**What you are asked to do**: An exact copy of every line from the one holding "Mack, Maltipoo Puppy" to the end of the entries below is required; leave the pictures out.

**Data to use**:
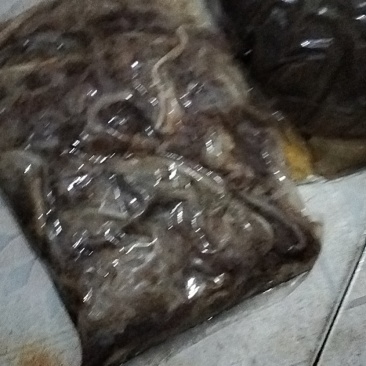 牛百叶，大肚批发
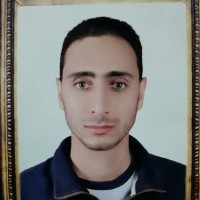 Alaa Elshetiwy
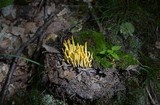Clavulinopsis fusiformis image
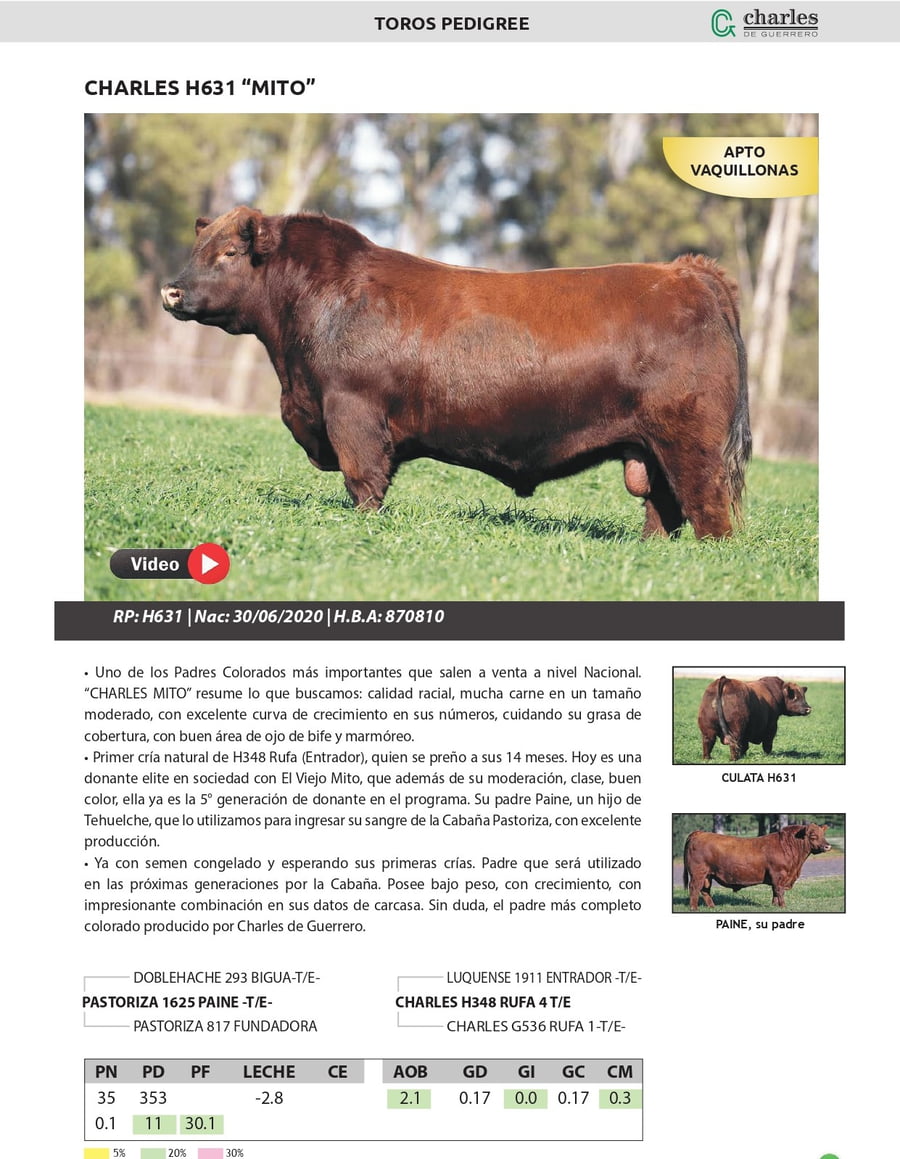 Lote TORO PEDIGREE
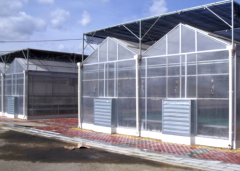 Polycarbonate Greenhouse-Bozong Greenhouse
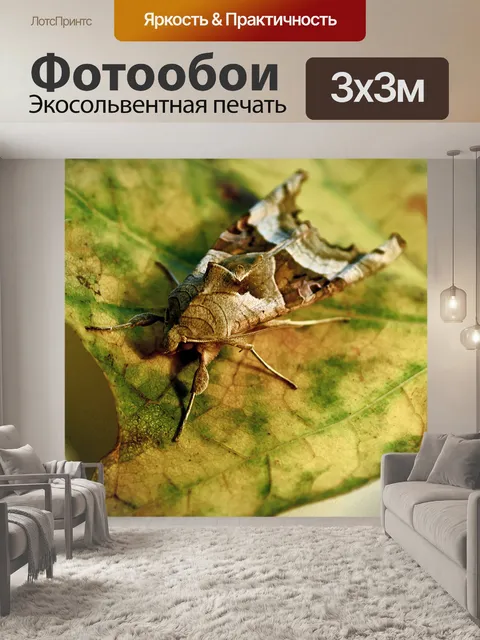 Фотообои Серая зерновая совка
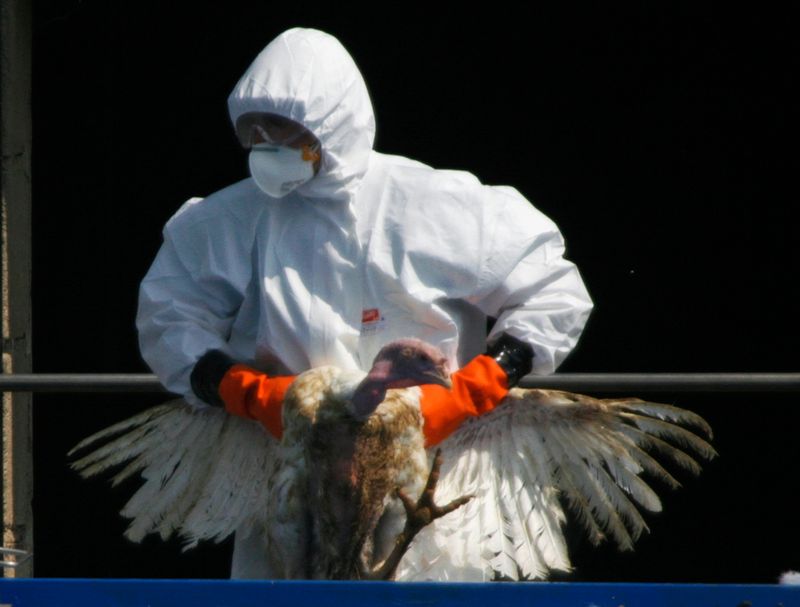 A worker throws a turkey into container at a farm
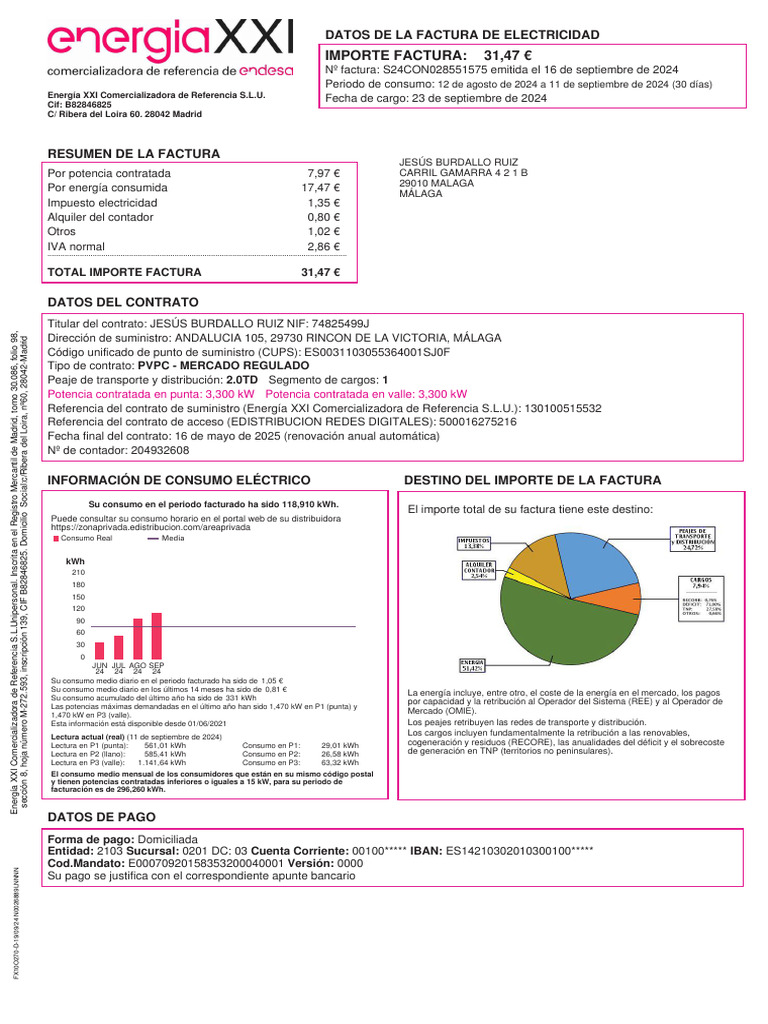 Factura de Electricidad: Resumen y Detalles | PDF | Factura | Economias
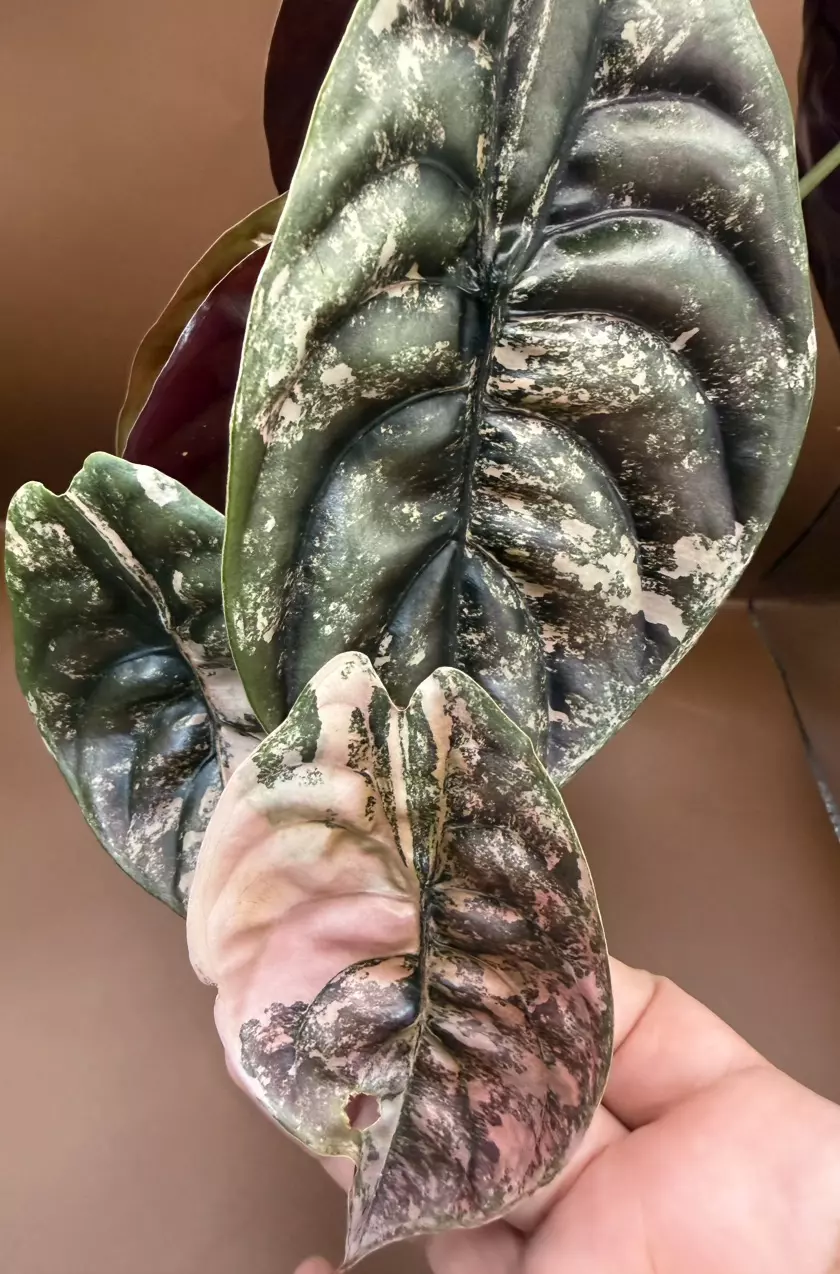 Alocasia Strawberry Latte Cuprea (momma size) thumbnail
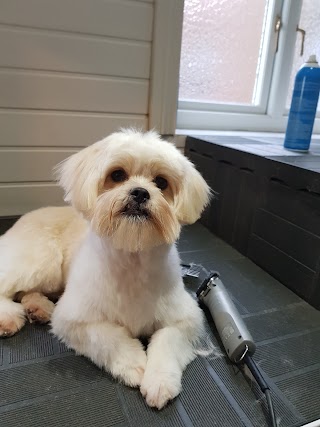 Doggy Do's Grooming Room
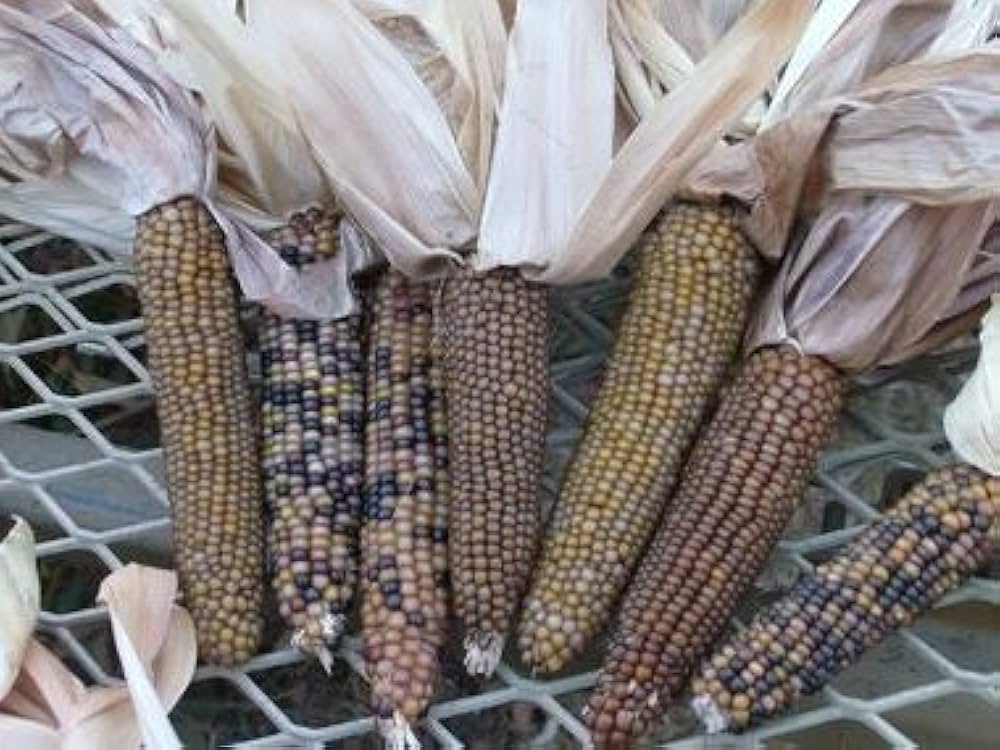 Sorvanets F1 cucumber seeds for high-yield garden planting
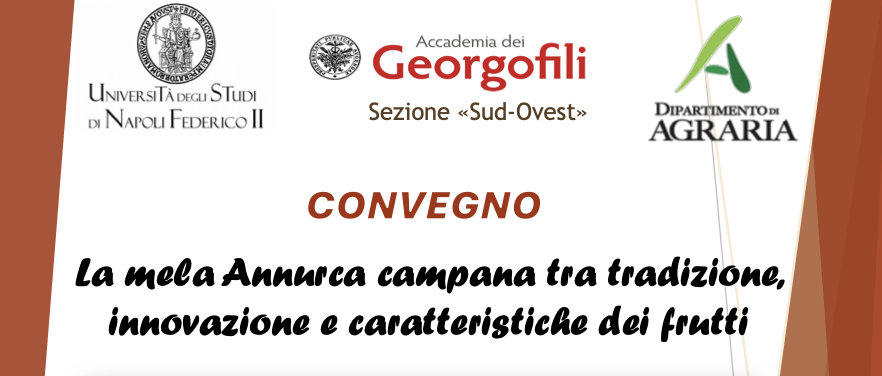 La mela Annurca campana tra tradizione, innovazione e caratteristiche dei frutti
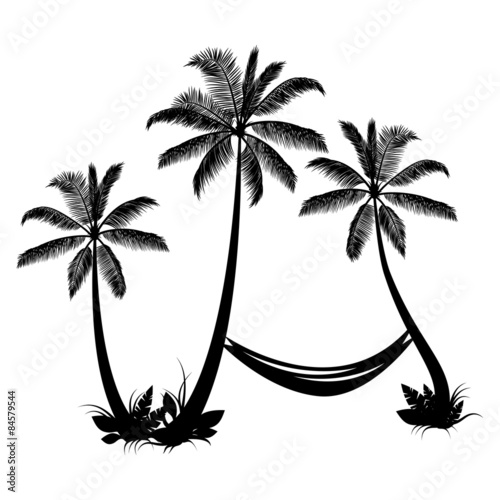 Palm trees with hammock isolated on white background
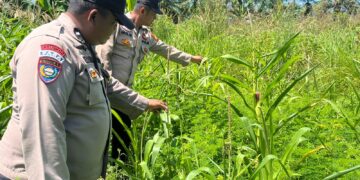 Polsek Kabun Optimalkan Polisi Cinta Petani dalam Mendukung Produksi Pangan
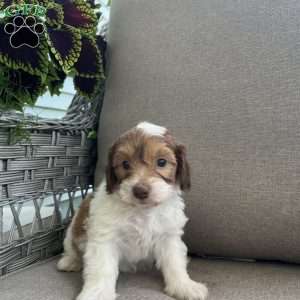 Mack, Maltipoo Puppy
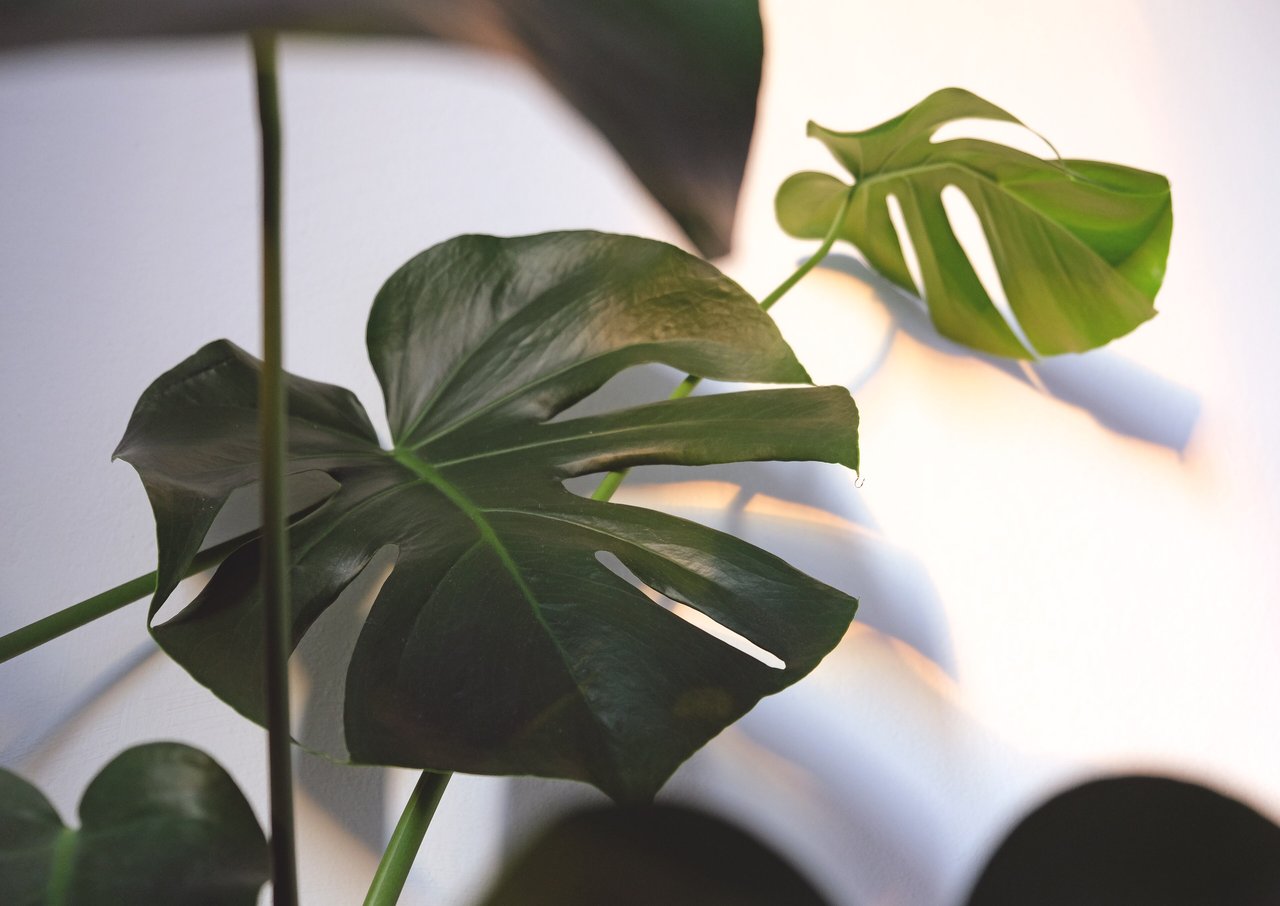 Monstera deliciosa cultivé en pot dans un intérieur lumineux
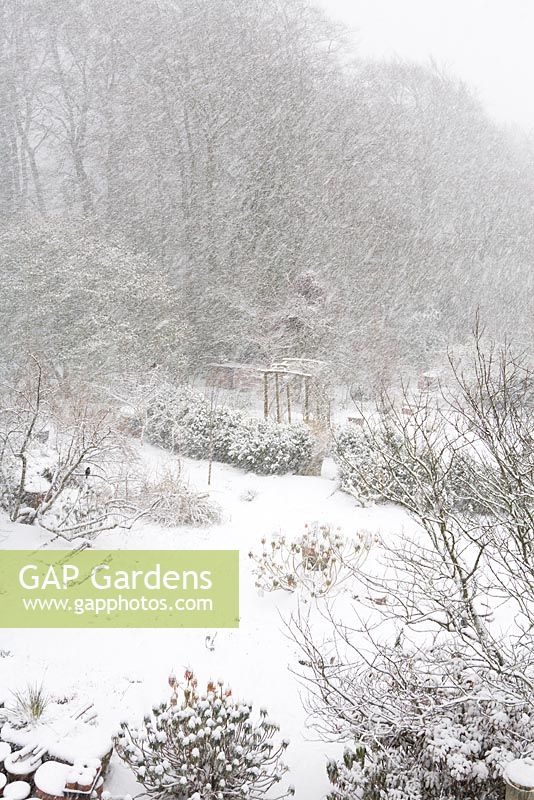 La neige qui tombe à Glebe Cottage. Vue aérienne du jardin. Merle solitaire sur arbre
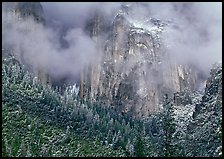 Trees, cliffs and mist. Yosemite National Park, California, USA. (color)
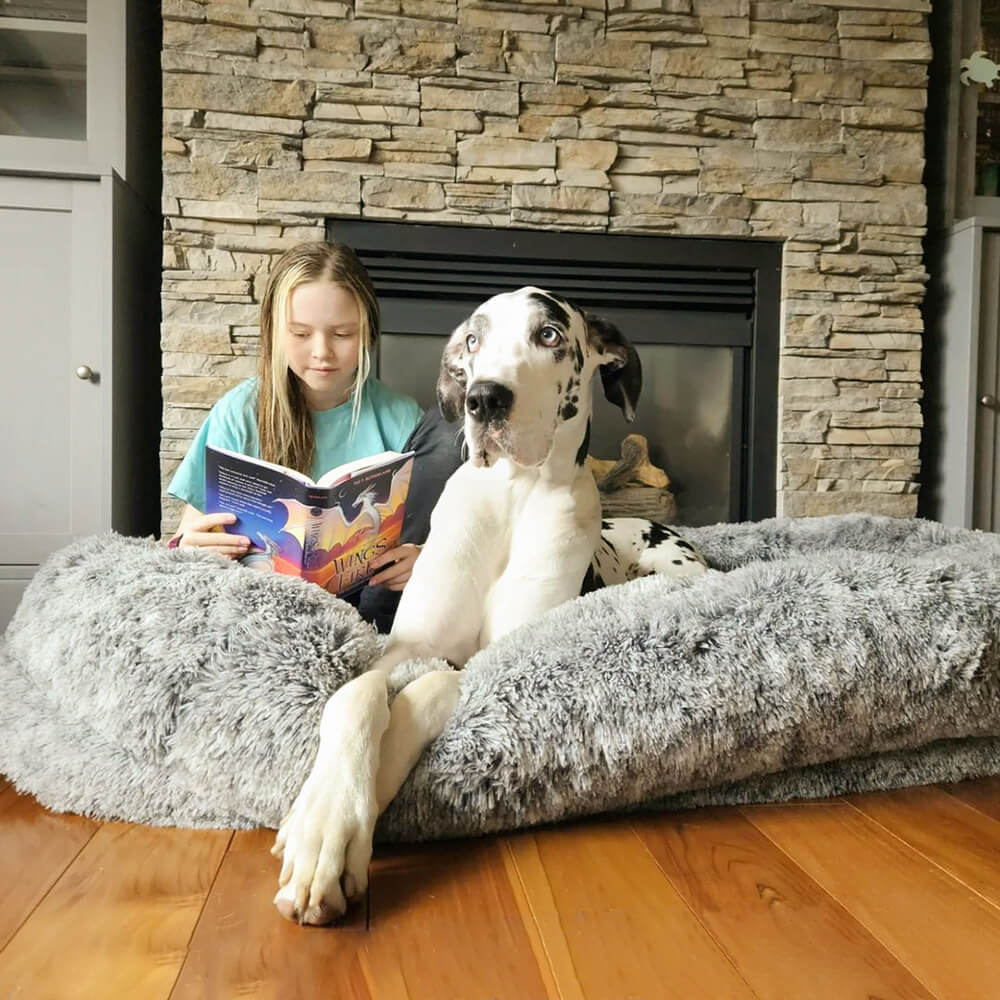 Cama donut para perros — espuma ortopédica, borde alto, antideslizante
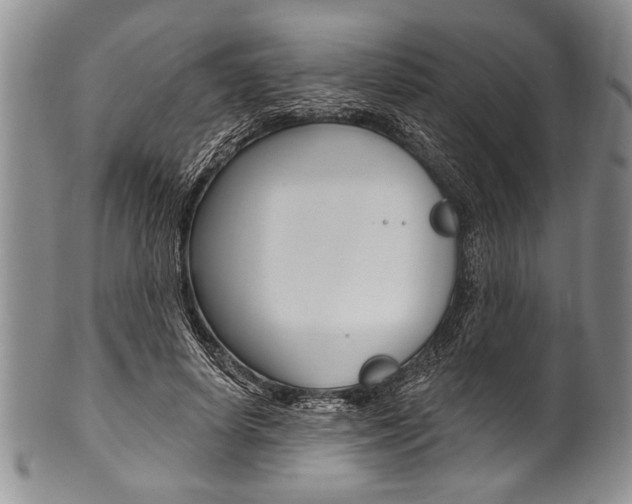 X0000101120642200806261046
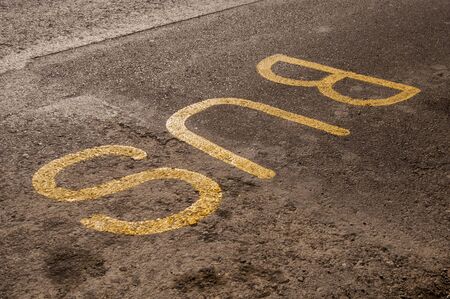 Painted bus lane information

**Response to the task**:
 Mack, Maltipoo Puppy
 Monstera deliciosa cultivé en pot dans un intérieur lumineux
 La neige qui tombe à Glebe Cottage. Vue aérienne du jardin. Merle solitaire sur arbre
 Trees, cliffs and mist. Yosemite National Park, California, USA. (color)
 Cama donut para perros — espuma ortopédica, borde alto, antideslizante
 X0000101120642200806261046
 Painted bus lane information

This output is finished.